A slice of history: the link between Te Mata and Yarra Yering

Huon Hooke, The Real Review

It’s a rare event that the founder of Te Mata Estate winery in Hawke’s Bay, John Buck CNZM OBE, now in his 80s, calls me up on the phone. He wanted to tell me about his friendship with Dr Bailey Carrodus, the founder of Yarra Yering winery in the Yarra Valley.

John had seen that I would be co-hosting an Australia versus New Zealand dinner for The Real Review in Sydney, which is to have a stunning climax in the form of two very high-scoring cabernet blends: Te Mata Estate 2022 Coleraine and Yarra Yering 2021 Dry Red Wine No. 1. The dinner is in a fortnight’s time.

John wanted me to know that Bailey Carrodus was originally from Hastings, in Hawke’s Bay, which is near the Te Mata winery.
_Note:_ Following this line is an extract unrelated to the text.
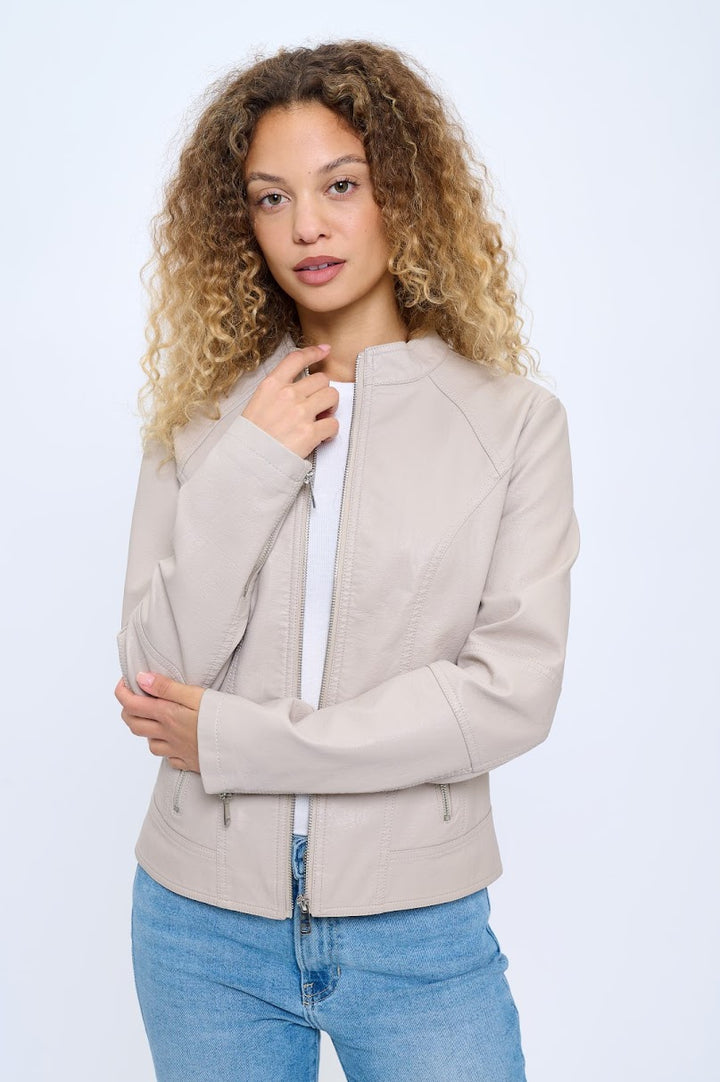 Sutton Jacket - Cream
“Bailey was a native of Hawke’s Bay and his cousin Tony Bone is still living here. I still see him from time to time. They still have a premium hardware and kitchen range business of many decades of history—F.L. Bone & Son, in Hastings, with branches in Queenstown and Auckland.”

“Bailey went from the DSIR in New Zealand to its equivalent in Australia, the CSIRO, and later went on to establish Yarra Yering. On my trips to Melbourne, I used to visit James and Suzanne Halliday, first in South Yarra then at Coldstream Hills which they were then establishing next door to Yarra Yering. I used to act as a sort of courier taking things from Bailey to his family in New Zealand and vice versa. I remember one time I went to dinner at his house and he cooked roast wild duck, which he served on platters with a silver cloche over each duck, and he wore a green velvet smoking jacket. He was such a gentleman, softly spoken and elegant.”

John admired Bailey and his cleverly thought-out winery, with its small one-tonne fermenters which he could move around with a pallet truck, so he could do all the winery work himself. “He gave me a few tips when I was setting up Te Mata.”

John Buck retired quite a few years back but according to chief winemaker Phil Brodie he still pops in to the winery most days.

It’s pure coincidence that both men were best known for their cabernet sauvignon-based Bordeaux blends, and serendipitous that these wines are to be served side by side at The Real Review’s Australia v New Zealand dinner on April 16.